▸ **Dataset extract**:

[Start of Attachment]

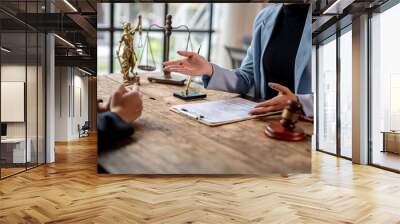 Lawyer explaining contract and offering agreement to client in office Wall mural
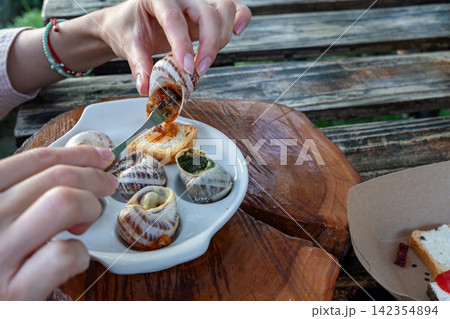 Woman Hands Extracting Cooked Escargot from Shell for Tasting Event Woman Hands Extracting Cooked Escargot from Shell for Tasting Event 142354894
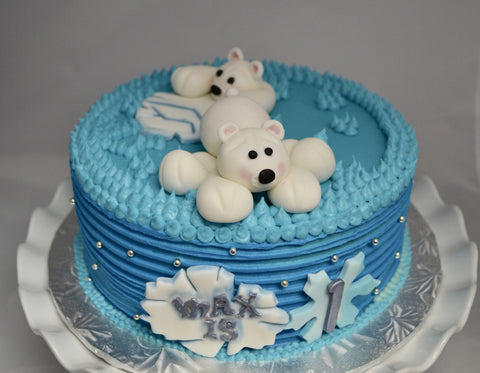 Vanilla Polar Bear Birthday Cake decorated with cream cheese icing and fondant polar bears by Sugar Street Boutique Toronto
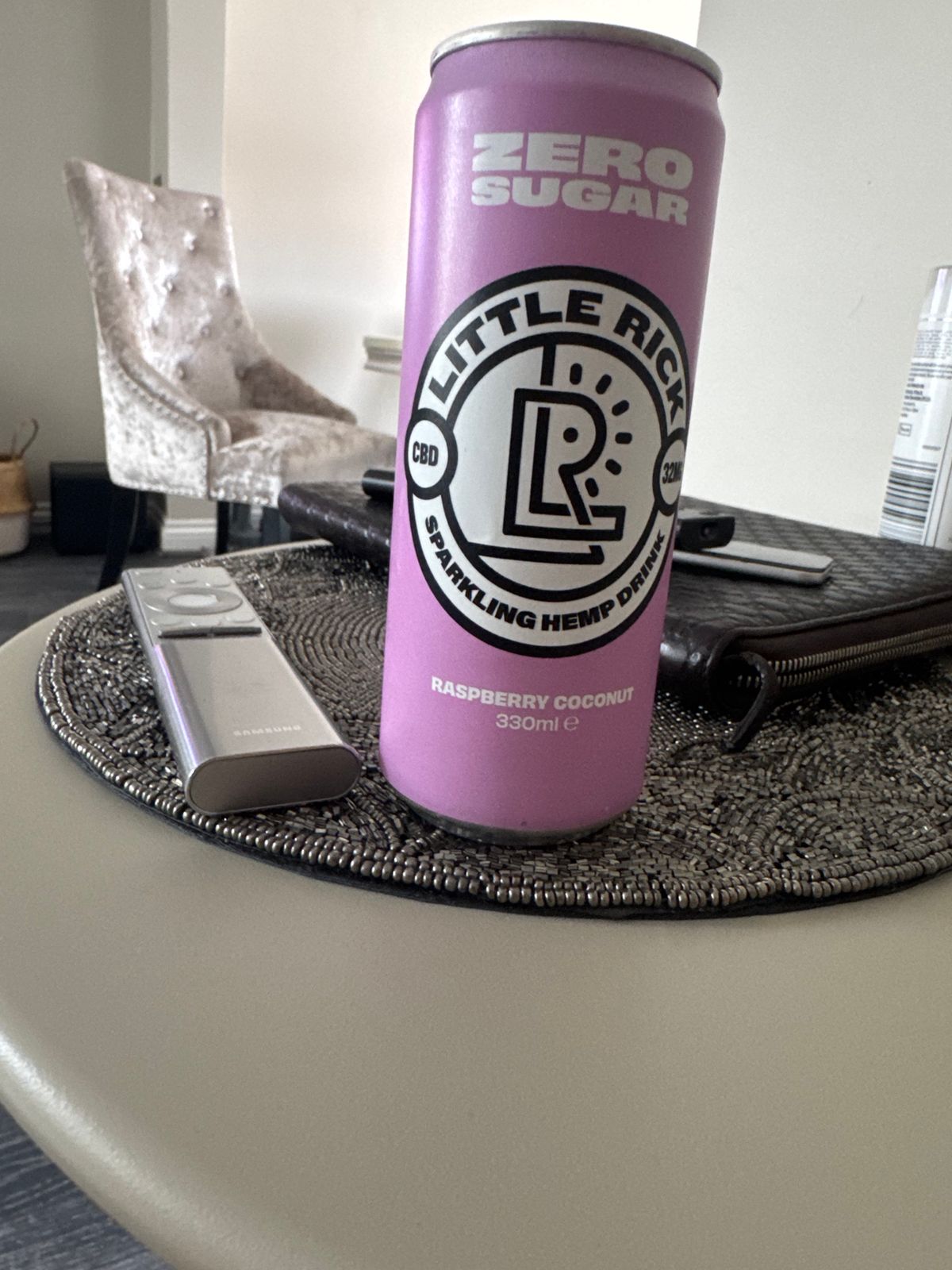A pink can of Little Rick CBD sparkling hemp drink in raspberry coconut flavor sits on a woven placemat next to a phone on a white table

[End of Attachment]

▸ **Task**: The expected output is an exact copy of the lines from the top of the data above through the line containing "Vanilla Polar Bear", both included, with every picture omitted.

▸ **Output for this task**:
 Lawyer explaining contract and offering agreement to client in office Wall mural
 Woman Hands Extracting Cooked Escargot from Shell for Tasting Event Woman Hands Extracting Cooked Escargot from Shell for Tasting Event 142354894
 Vanilla Polar Bear Birthday Cake decorated with cream cheese icing and fondant polar bears by Sugar Street Boutique Toronto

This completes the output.